At 220 the controller 138 may determine (X2,Y2) to be located at a
diagonal corner of the rectangle with respect to (X1,Y1) wherein a
straight line connecting (X1,Y1) and (X2,Y2) passes through
(X.sub.centroid,Y.sub.centroid). At 222, the controller 138 may
report and save the second coordinate (X2,Y2). Alternatively, at
218 the controller 138 may extend a line a distance between the
first coordinate (X1,Y1) and the centroid coordinate
(X.sub.centroid,Y.sub.centroid). The line may then be extended an
equal distance, forming a straight line that ends at the second
coordinate (X2,Y2). It should be understood that other methods may
be used to determine the second coordinate (X2,Y2).
[0050] FIGS. 7 and 10 illustrate a method for identifying gestures
that use two touches. Changes in the two touches relative to each
other are determined based on changes in the bias currents. Inputs
to FIGS. 7 and 10 may be the first and second coordinates (X1,Y1)
and (X2,Y2), however some embodiments may use the centroid
coordinates (X.sub.centroid,Y.sub.centroid) in addition to or
instead of one or both of the initial coordinates. For example,
referring to 216 and 222 of FIG. 6, the controller 138 has
determined the first and second coordinates (X1,Y1) and (X2,Y2) as
the initial coordinates. Inputs to FIGS. 7 and 10 may also be the
centroid coordinates (X.sub.centroid, Y.sub.centroid), such as were
determined at 212.
[0051] The gestures discussed in FIGS. 7 and 10 are exemplary
responses to the detected change(s) in bias currents that result
from the movement of the two touches with respect to each other. It
should be understood that other gestures may be paired with a
particular moving relationship between the two touches.
Furthermore, the gestures may be application dependent or
application independent. Therefore, the operating system may
initiate one response to a gesture when running a first application
and a different second response to the same gesture when running a
second application. Multiple windows for multiple applications may
be displayed simultaneously on the touchscreen system 100,
therefore, using the same gesture in the two different windows may
result in different responses or the same response from the
operating system.
[0052] Turning to FIG. 7, at 230, the controller 138 tracks the
bias currents I.sub.x and I.sub.y over time to determine whether
one or both of the touches are moving. The controller 138 may
utilize a minimum time period or other detection algorithms to
ensure that the gesture is indicated by the user and that the
change in bias current is not due to a slight touch pressure
difference or change over time (such as when the user is initially
contacting the coversheet 102) at one or both of the touches. For
example, a minimum time period may be several milliseconds, which
may be sufficient to determine the intent of the gesture based on
the application.

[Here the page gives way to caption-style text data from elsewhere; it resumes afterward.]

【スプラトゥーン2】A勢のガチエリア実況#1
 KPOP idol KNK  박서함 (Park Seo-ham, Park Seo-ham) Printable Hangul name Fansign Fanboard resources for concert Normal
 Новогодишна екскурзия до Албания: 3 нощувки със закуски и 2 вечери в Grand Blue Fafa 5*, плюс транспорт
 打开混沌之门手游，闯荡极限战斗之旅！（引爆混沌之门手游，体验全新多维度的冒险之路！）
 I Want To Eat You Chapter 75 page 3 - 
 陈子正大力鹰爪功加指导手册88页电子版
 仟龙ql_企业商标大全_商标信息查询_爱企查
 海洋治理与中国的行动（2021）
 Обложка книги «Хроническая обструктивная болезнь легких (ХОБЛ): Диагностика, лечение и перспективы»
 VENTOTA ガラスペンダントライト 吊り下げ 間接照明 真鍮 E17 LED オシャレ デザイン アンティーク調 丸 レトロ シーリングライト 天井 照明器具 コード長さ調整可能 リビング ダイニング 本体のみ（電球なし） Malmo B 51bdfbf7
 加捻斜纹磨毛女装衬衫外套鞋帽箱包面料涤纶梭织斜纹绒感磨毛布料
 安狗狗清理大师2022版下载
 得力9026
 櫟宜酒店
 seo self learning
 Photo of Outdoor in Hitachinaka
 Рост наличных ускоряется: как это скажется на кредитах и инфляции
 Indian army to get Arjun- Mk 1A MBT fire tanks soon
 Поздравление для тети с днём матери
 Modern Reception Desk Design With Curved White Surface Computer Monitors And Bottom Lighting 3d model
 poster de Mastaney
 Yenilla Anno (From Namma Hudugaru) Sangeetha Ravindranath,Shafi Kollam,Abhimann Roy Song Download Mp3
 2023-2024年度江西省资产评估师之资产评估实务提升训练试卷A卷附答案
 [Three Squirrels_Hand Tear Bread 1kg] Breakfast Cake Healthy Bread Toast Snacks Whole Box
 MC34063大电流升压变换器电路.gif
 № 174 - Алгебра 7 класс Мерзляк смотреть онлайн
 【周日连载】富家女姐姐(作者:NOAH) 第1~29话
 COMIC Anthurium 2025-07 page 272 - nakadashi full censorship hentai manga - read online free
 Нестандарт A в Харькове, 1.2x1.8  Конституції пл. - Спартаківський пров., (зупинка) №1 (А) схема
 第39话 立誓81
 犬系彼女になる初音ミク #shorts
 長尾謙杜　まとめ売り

In another embodiment, the controller 138 may
track the bias currents over time until at least one of the touches
is lifted before identifying the gesture.
[0053] At 232, the controller 138 determines whether at least one
of the bias currents I.sub.x and I.sub.y is increasing over time
while neither is decreasing over time. If yes, this indicates that
the two touches are moving away from each other and the method
passes to 234. The controller 138 may report a zoom-in gesture to
the operating system. In response the operating system may perform
a zoom-in operation based on information, characters, pictures and
the like that are currently displayed beneath the touchscreen
system 100 corresponding to the centroid coordinates
(X.sub.centroid,Y.sub.centroid) and/or the first and second
coordinates (X1,Y1) and (X2,Y2). As discussed previously, the
gesture associated with the increasing bias current(s) may be a
gesture other than zoom-in. Also, the application associated with
the information on the touchscreen that correlates to the
coordinates may determine the gesture response.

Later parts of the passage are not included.